Nöö, bei Blues For The Red Sun denk ich nicht gleich an irgendwelche Lobeshymnen. Ich hatte das Teil direkt bei der Band bestellt, und die CD kam als megafettes, schweres Teil. Klasse, mein alter Technics-Player kam mit dem Ding überhaupt nicht klar, sodass ich sie bei einem Kumpel auf Kassette aufnehmen musste, um sie zu hören. Die dicken Dinger gab es damals oft aus den USA oder auch aus Japan, weil da anscheinend jeder mit einem Discman rumlief und die halt Schwierigkeiten hatten mit den leichten Standard-CDs, so hat es mir zumindest mal ein Ami erklärt.
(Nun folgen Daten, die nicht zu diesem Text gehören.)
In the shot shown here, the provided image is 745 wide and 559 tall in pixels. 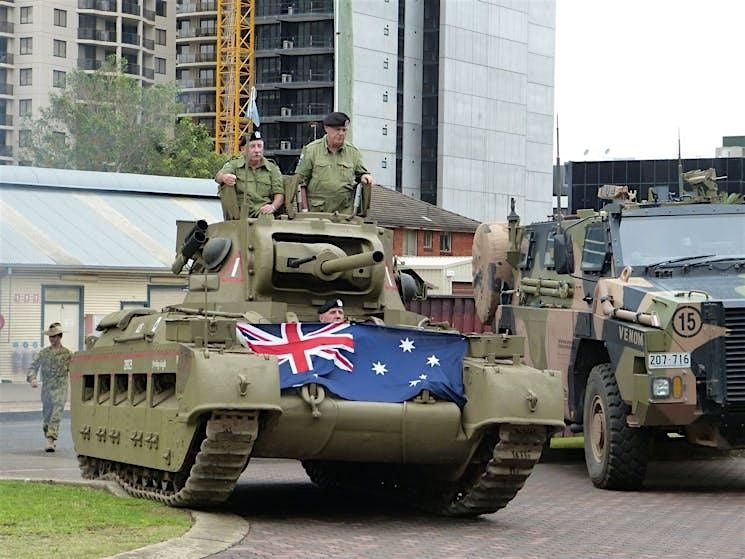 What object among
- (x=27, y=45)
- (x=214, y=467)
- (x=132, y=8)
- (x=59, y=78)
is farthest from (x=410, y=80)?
(x=214, y=467)

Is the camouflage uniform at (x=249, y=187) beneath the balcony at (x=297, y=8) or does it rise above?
beneath

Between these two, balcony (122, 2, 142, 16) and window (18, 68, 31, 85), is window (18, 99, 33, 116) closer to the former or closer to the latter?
window (18, 68, 31, 85)

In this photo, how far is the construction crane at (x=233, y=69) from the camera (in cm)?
8575

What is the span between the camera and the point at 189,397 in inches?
493

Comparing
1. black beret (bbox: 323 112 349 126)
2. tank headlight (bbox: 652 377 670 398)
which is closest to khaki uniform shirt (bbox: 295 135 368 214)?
black beret (bbox: 323 112 349 126)

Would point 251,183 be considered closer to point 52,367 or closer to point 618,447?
point 618,447

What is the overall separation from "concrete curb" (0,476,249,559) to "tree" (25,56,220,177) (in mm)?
43918

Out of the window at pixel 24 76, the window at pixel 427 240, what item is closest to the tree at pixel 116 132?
the window at pixel 427 240

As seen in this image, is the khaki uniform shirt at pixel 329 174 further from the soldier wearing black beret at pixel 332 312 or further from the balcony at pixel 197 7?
the balcony at pixel 197 7

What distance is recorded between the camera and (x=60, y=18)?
59688 millimetres

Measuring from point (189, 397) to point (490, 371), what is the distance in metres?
2.43

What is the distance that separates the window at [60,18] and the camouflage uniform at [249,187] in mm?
39435

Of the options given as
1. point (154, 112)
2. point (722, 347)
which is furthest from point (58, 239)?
point (154, 112)

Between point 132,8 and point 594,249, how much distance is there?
70.0 metres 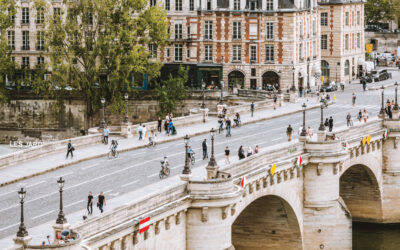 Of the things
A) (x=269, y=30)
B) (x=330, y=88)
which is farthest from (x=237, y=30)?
(x=330, y=88)

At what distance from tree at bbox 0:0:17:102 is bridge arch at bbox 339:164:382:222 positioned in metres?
53.4

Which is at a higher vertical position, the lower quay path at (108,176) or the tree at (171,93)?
the tree at (171,93)

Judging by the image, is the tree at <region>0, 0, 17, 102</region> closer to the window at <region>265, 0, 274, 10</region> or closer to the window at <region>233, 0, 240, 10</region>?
the window at <region>233, 0, 240, 10</region>

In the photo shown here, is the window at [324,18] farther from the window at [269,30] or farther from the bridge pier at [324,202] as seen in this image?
the bridge pier at [324,202]

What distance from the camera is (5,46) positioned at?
135 meters

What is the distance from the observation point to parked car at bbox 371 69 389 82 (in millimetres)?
151125

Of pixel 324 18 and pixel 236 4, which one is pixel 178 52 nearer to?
pixel 236 4

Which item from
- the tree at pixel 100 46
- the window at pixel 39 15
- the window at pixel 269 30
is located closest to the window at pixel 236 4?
the window at pixel 269 30

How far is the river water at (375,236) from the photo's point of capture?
Result: 90.3 meters

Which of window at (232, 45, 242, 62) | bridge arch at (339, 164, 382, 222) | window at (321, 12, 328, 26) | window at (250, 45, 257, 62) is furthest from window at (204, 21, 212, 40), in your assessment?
bridge arch at (339, 164, 382, 222)

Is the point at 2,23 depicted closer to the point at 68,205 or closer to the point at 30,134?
the point at 30,134

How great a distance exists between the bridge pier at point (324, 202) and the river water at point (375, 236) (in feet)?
22.1

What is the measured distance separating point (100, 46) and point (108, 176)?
54.0 meters

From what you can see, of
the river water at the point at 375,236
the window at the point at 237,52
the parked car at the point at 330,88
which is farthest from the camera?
the parked car at the point at 330,88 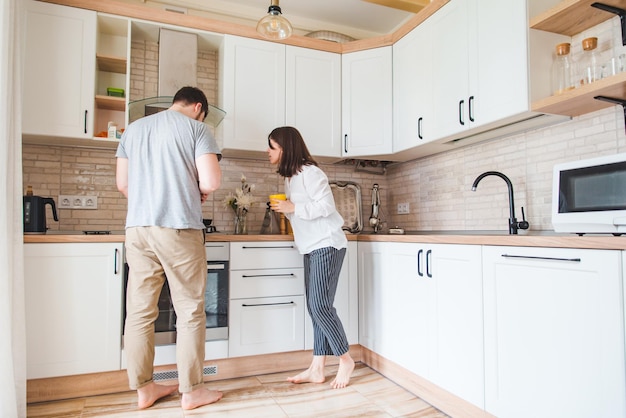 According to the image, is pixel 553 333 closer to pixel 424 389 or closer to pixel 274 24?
pixel 424 389

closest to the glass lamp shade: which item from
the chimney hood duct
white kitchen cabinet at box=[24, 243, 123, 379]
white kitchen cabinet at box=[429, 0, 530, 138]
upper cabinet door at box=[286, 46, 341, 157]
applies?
the chimney hood duct

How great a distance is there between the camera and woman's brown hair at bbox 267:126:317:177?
2381mm

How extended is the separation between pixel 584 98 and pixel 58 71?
9.23 ft

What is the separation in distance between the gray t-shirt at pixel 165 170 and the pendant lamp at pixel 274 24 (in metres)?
0.59

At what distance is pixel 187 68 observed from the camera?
9.48 ft

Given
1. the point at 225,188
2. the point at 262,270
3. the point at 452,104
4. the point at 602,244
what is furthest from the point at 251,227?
the point at 602,244

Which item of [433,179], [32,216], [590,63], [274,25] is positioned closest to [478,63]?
[590,63]

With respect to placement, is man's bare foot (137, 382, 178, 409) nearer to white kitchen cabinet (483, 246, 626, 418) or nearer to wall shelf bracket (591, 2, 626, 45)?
white kitchen cabinet (483, 246, 626, 418)

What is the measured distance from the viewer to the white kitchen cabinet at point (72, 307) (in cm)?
212

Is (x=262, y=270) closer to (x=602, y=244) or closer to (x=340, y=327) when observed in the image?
(x=340, y=327)

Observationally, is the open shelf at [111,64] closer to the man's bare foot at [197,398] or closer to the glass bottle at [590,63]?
the man's bare foot at [197,398]

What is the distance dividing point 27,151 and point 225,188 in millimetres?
1265

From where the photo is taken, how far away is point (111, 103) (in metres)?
2.75

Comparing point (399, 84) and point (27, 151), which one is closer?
point (27, 151) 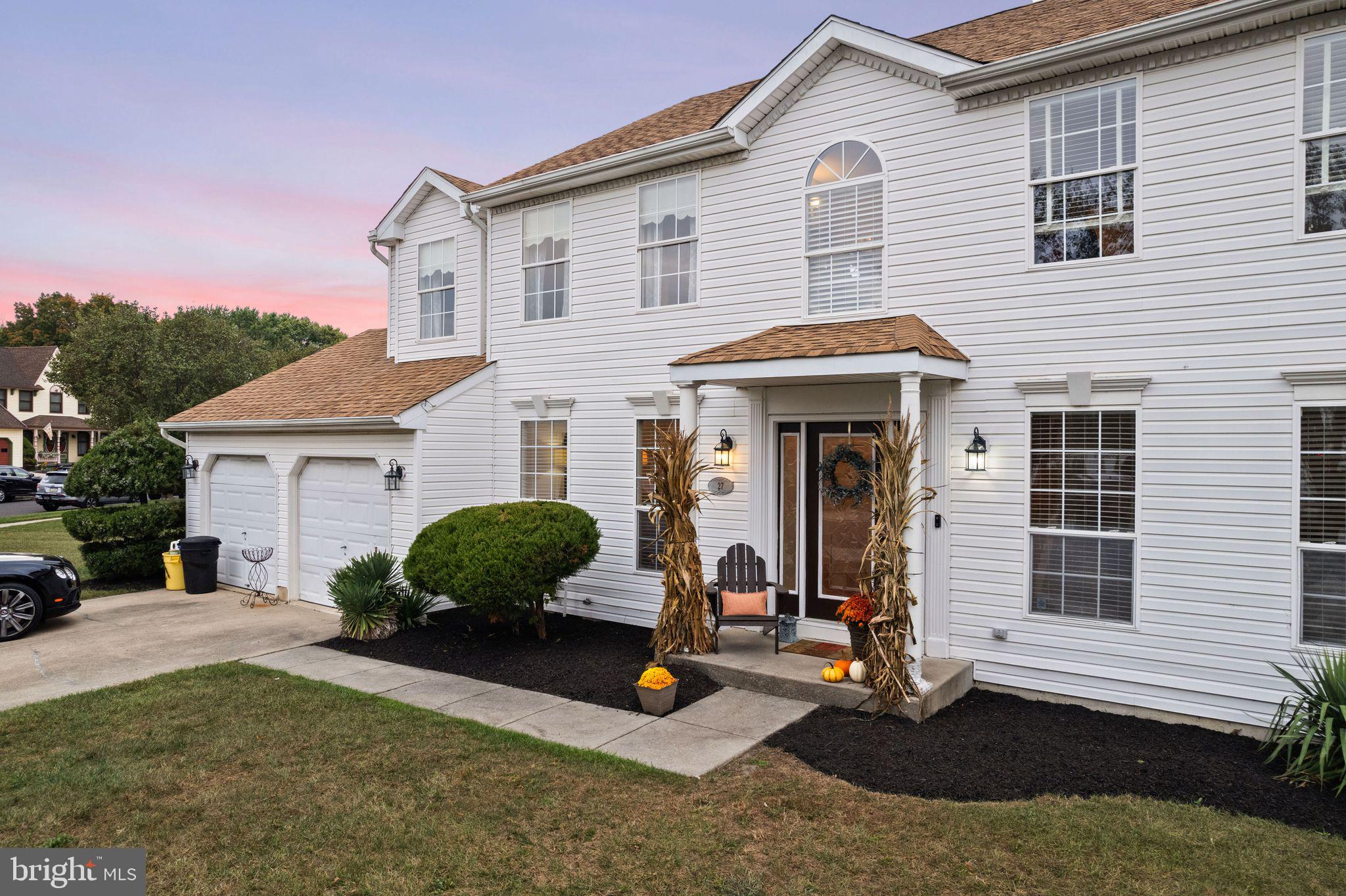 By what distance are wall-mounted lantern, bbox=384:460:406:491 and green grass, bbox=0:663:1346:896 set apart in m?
4.68

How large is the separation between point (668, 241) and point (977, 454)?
15.9 ft

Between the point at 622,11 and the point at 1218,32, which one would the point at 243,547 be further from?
the point at 1218,32

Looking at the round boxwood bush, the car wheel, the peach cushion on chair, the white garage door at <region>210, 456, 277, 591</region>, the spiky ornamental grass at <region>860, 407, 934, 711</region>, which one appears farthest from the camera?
the white garage door at <region>210, 456, 277, 591</region>

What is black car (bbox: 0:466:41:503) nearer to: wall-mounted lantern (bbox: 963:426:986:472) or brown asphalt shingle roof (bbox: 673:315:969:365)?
brown asphalt shingle roof (bbox: 673:315:969:365)

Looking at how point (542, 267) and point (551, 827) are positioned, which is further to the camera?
point (542, 267)

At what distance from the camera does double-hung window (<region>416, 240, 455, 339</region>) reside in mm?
12172

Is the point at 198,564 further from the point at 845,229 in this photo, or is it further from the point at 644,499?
the point at 845,229

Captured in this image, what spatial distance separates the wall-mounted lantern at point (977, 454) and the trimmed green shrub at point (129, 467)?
14.5 metres

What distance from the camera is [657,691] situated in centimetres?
640

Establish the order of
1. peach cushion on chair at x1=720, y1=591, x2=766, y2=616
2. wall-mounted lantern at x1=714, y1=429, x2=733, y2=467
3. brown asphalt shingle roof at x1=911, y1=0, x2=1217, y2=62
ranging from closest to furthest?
brown asphalt shingle roof at x1=911, y1=0, x2=1217, y2=62 → peach cushion on chair at x1=720, y1=591, x2=766, y2=616 → wall-mounted lantern at x1=714, y1=429, x2=733, y2=467

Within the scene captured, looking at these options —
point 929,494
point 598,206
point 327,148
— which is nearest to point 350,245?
point 327,148

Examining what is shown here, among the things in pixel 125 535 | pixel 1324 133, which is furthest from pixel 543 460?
pixel 1324 133

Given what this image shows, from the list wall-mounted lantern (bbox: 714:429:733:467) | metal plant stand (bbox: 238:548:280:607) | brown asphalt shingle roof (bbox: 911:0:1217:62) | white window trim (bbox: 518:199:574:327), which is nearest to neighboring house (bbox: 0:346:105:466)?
metal plant stand (bbox: 238:548:280:607)

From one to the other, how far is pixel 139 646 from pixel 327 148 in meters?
13.1
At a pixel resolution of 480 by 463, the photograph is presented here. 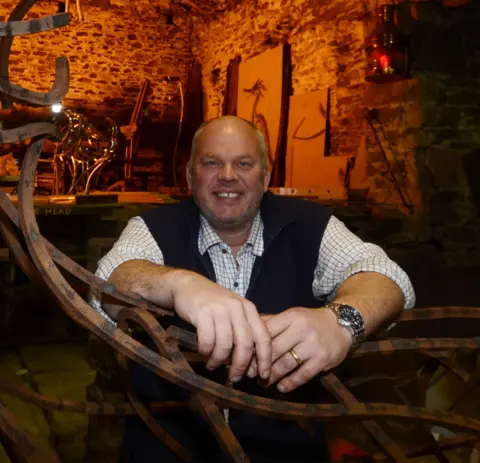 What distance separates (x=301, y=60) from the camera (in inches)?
225

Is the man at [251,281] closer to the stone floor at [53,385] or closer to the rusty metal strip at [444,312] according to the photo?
the rusty metal strip at [444,312]

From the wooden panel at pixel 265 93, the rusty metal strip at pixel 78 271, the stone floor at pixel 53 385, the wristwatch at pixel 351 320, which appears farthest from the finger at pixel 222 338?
the wooden panel at pixel 265 93

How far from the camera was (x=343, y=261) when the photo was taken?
155cm

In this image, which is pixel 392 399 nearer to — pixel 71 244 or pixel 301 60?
pixel 71 244

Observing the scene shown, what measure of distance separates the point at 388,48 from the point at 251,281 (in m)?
2.88

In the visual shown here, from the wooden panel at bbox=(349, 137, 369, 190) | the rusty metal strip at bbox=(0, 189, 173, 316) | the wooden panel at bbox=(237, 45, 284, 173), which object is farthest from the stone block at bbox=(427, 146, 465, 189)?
the rusty metal strip at bbox=(0, 189, 173, 316)

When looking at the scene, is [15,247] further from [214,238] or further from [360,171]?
[360,171]

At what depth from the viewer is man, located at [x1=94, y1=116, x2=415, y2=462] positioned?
765 mm

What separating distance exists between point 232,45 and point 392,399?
18.0ft

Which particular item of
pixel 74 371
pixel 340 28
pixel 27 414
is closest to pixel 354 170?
pixel 340 28

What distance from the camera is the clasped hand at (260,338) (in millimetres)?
729

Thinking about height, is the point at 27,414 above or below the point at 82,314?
below

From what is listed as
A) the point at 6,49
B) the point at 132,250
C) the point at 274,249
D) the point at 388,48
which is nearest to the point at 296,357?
the point at 6,49

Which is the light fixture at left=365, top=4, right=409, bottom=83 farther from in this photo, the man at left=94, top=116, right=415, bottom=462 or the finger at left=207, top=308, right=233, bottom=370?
the finger at left=207, top=308, right=233, bottom=370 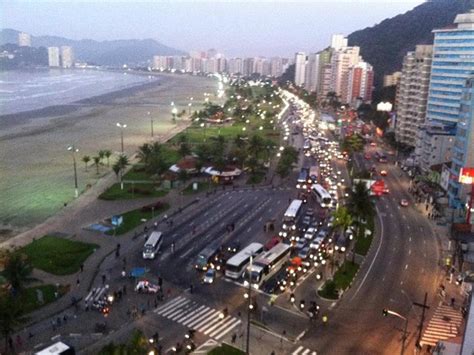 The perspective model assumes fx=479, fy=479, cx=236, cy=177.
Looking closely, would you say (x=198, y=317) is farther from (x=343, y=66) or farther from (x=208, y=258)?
(x=343, y=66)

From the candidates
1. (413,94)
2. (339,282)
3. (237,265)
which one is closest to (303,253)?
(339,282)

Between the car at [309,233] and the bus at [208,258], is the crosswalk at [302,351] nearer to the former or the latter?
the bus at [208,258]

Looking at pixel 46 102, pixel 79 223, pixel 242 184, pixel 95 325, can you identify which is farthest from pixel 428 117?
pixel 46 102

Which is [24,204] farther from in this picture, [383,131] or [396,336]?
[383,131]

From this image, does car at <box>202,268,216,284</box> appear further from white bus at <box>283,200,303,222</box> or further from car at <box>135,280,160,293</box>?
→ white bus at <box>283,200,303,222</box>

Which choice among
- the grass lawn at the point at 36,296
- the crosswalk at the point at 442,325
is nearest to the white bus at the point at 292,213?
the crosswalk at the point at 442,325

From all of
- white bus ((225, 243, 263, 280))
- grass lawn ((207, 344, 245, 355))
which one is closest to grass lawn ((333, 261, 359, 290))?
white bus ((225, 243, 263, 280)) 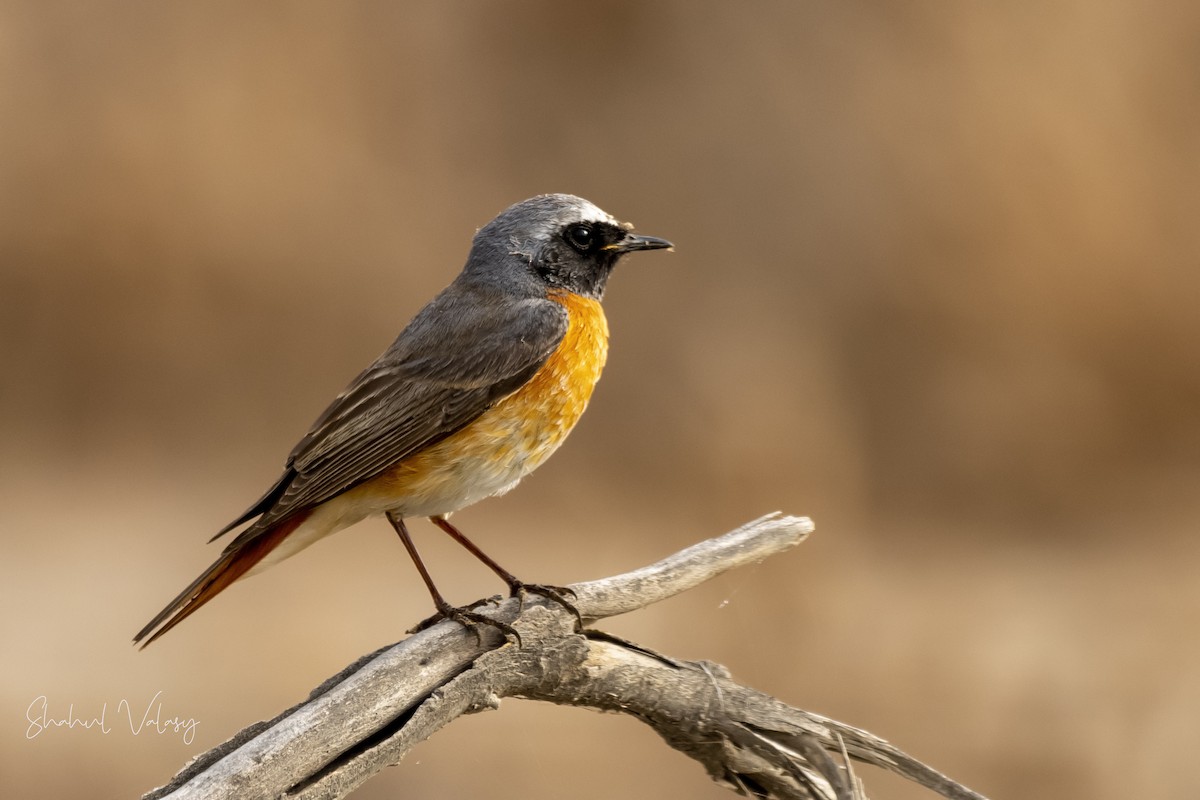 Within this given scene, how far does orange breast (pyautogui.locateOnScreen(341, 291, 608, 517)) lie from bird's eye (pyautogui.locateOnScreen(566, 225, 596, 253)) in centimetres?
38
Na ja, irgendwann gab es den passenden neuen Player zur CD, geärgert hab ich mich trotzdem… 
Das Album selbst, nun ja, wenn man vorher bereits die SONS OF KYUSS-EP und das erste KYUSS-Album Wretch hatte, dann war das keine große Überraschung, was da kommen würde. Im Sommer ´92 konnte man auch noch zugeben, dass man als Doomer auf diesen mumpfigen, schweren Sound steht, gerade wenn man auf den klassischen Maryland-Doom stand, der ja auch nicht nur im Depri-Tempo daher kam. Als dann der Stoner-Trend die Welt zunebelte, war es hingegen fast eine Schande, wenn man beide Stile gehört hat, das ging ja mal gar nicht. Die einen zu träge Depri-Freaks, die anderen betont auf cool gemacht, nee, ging echt nicht, trotz des gleichen musikalischen Backgrounds. Heimlich hat man dann die andere Seite natürlich doch gehört.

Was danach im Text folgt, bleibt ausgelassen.